UCSF researchers validate new model for breast cancer risk assessment in multiple ethnic groups
Researchers at the University of California, San Francisco have developed a way to quickly estimate a woman’s risk for invasive breast cancer. The new model, based on a measure of breast density that is already reported with the majority of mammograms today, is the first to be validated across multiple ethnic groups living in the United States.
The model could one day be used to help calculate a woman’s risk for breast cancer each time she has a mammogram, providing her with a realistic sense of her likelihood to develop breast cancer in the future.
“Breast density is the strongest risk factor after age for developing breast cancer,” said lead author Jeffrey Tice, MD, assistant professor in the Department of General Internal Medicine at UCSF. “Unfortunately, there is no model currently available to clinicians for assessing breast cancer risk that includes this important risk factor. The model we have created could be a useful tool to improve breast cancer screening and prevention efforts and to help women better understand the magnitude of risk.”
The findings are reported in the March 4, 2008 issue of The Annals of Internal Medicine.
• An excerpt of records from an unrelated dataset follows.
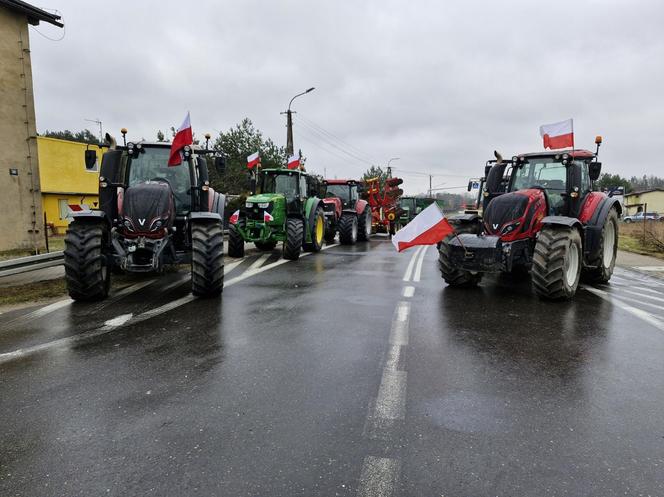 Rolnicy nie przepuścili chorego na serce dziennikarza przez blokadę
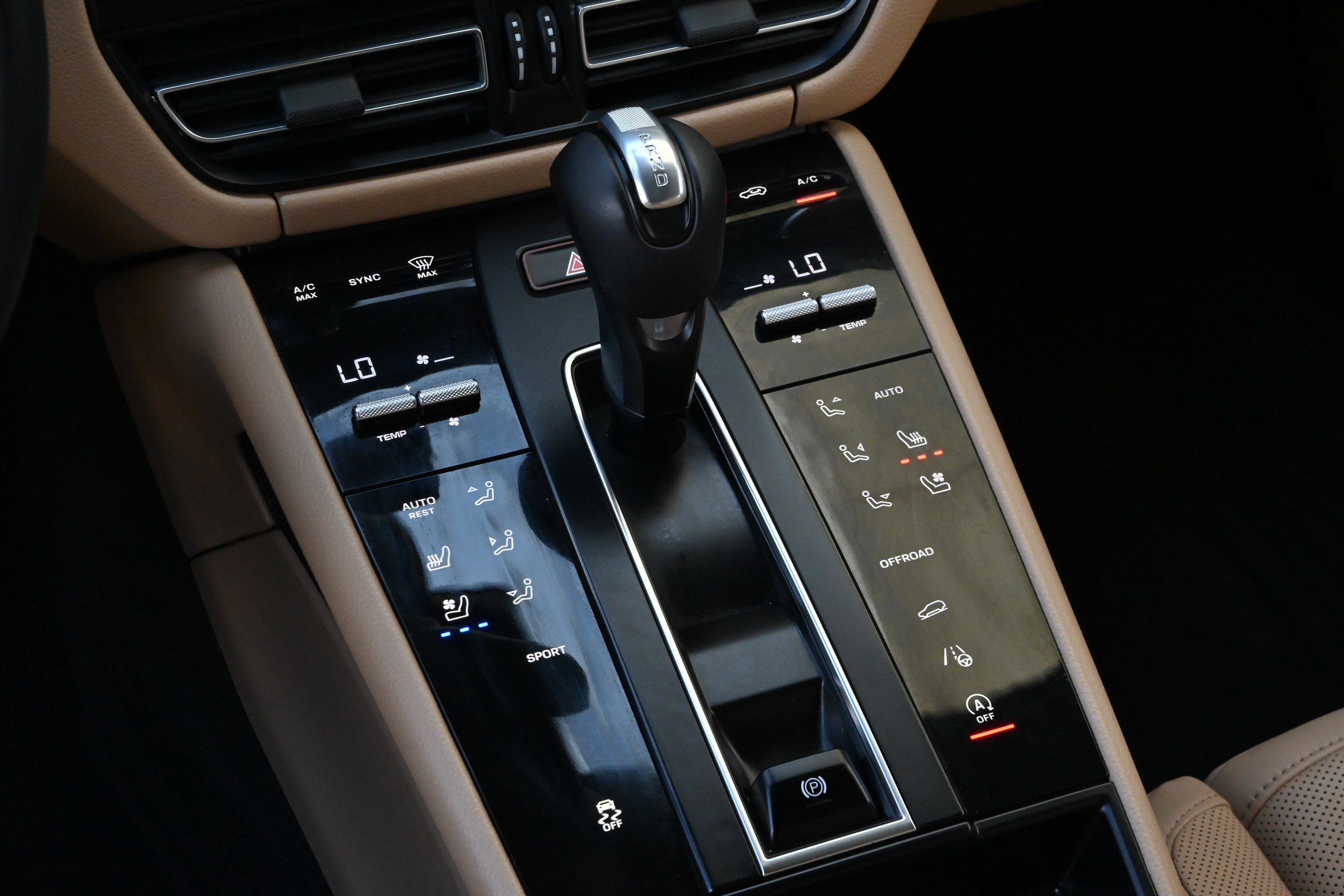 Used 2024 Porsche Macan image 37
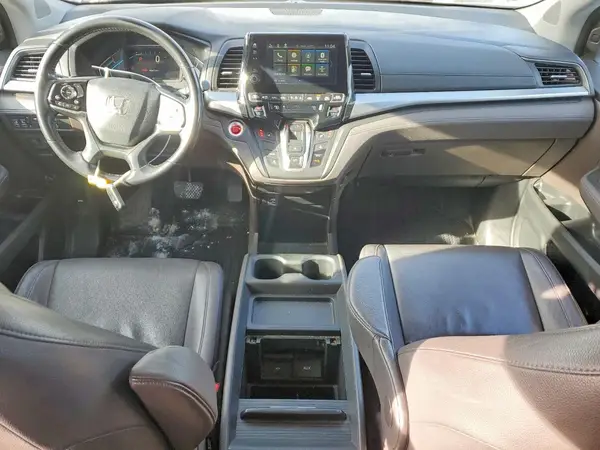 5FNRL6H76JB044820 2018 HONDA ODYSSEY - Image 8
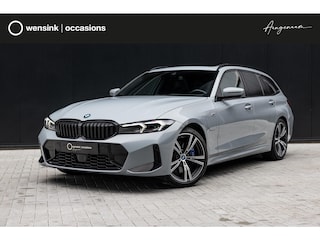 BMW 3-serie Touring 330e | M-Pakket | Panoramadak | HUD | Curved Display | Sportstoelen | Adaptieve Cruise Control | Ele. verstelbare stoelen + Geheugen | Camera | DAB | Apple CarPlay/Android Auto | LED |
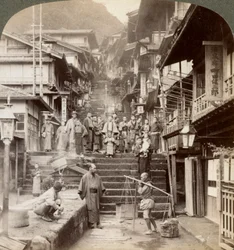 Pääkatu Haruna-vuoren jyrkkää puolta pitkin kuuluisassa kuumien lähteiden kylässä Ikaossa, Japanissa, 1904.
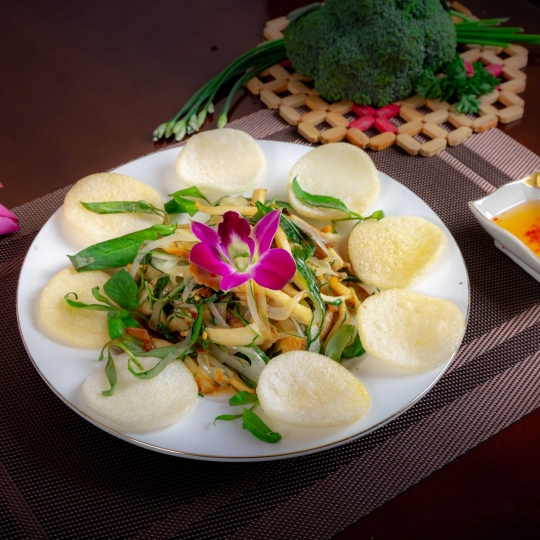 GỎI NẤM LÁ CHANH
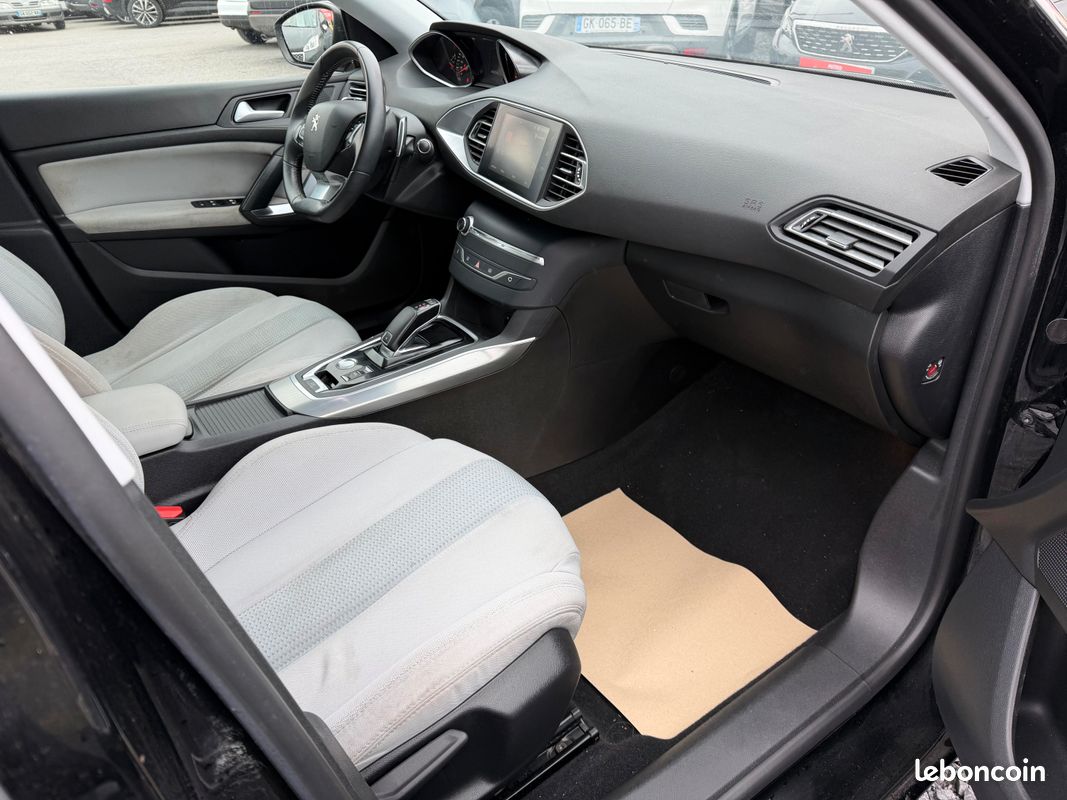 Peugeot 308 boite automatique 2 places (image 3)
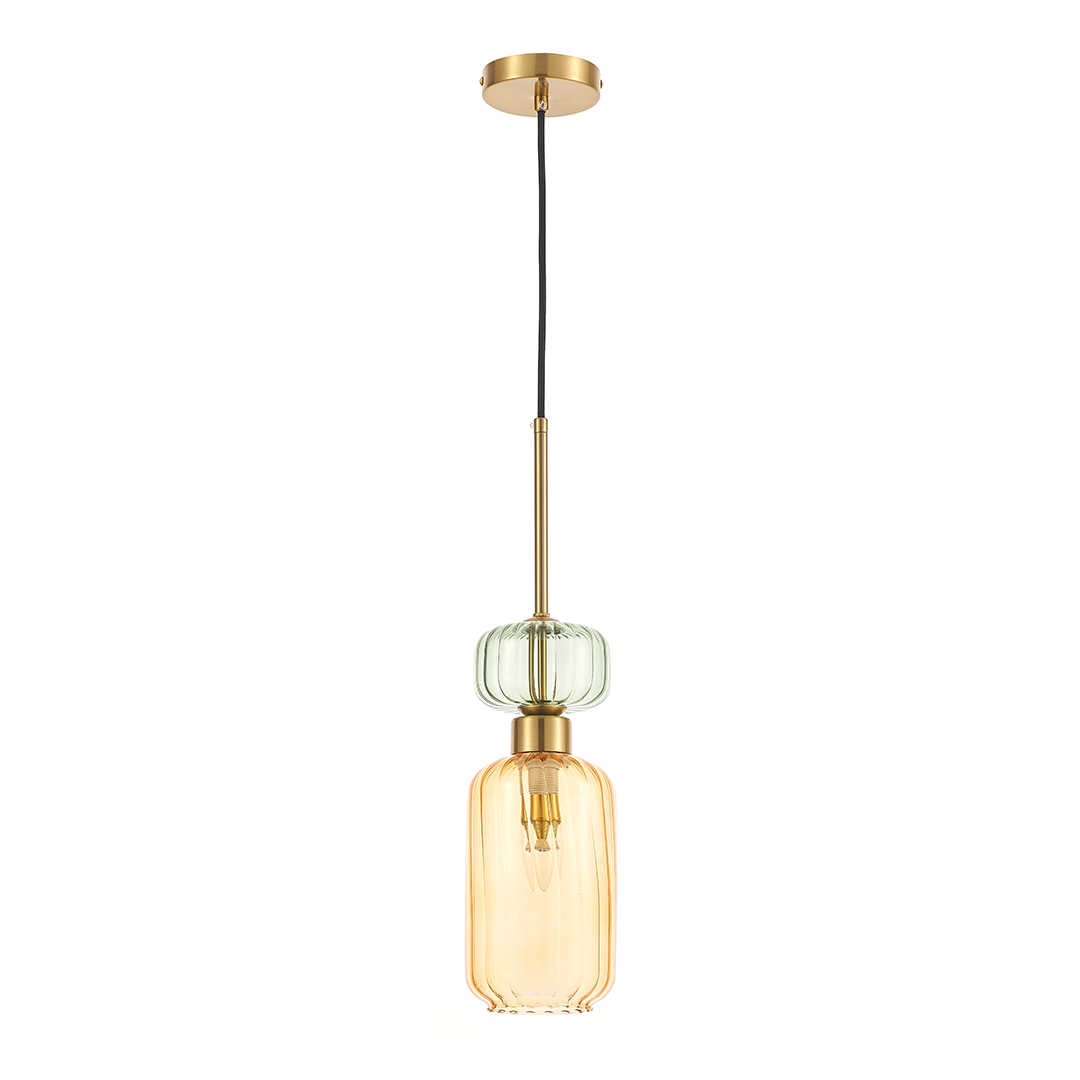 Lampa wisząca Molly z jednym gniazdem E14, wykonana z bursztynowego i szklano-zielonego szkła. Ma prostą, złotą oprawę i czarny kabel. Zawieszona w pionie, idealna do nowoczesnych wnętrz.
The standard and most commonly used risk assessment model available to clinicians today is the Gail model, a previously validated breast cancer risk assessment tool that is primarily based on non-modifiable breast cancer risk factors. The Gail model was developed and validated in Caucasian women only. Tice and colleagues from UCSF and the University of Washington designed a new model that estimates predicted incidence of invasive breast cancer by using breast density, age and ethnicity. The estimates are then adjusted for family history of breast cancer and history of breast biopsy (whether or not a woman had undergone a previous biopsy for a suspect lump or lesion).
“Physicians are used to calculating their patients’ risk for heart disease, but we don’t routinely do it for breast cancer,” said Tice. “Breast density classification in women, assessed during screening mammography, is already part of a routine clinical practice. Our goal was to develop a simple and useful model incorporating this data which estimated a woman’s risk for invasive breast cancer in multiple ethnic groups.”
The research team used data from more than one million women who visited screening mammography sites across the United States between 1996 and 2003. Model calibration was assessed by calculating the ratio of expected cases of breast cancer to observed cases of breast cancer. Calibration, according to the study, assesses how closely the number of women in whom the model predicts that breast cancer will develop matches with the actual number of women in whom breast cancer is diagnosed. An observed ratio of 1.0 would indicate perfect calibration.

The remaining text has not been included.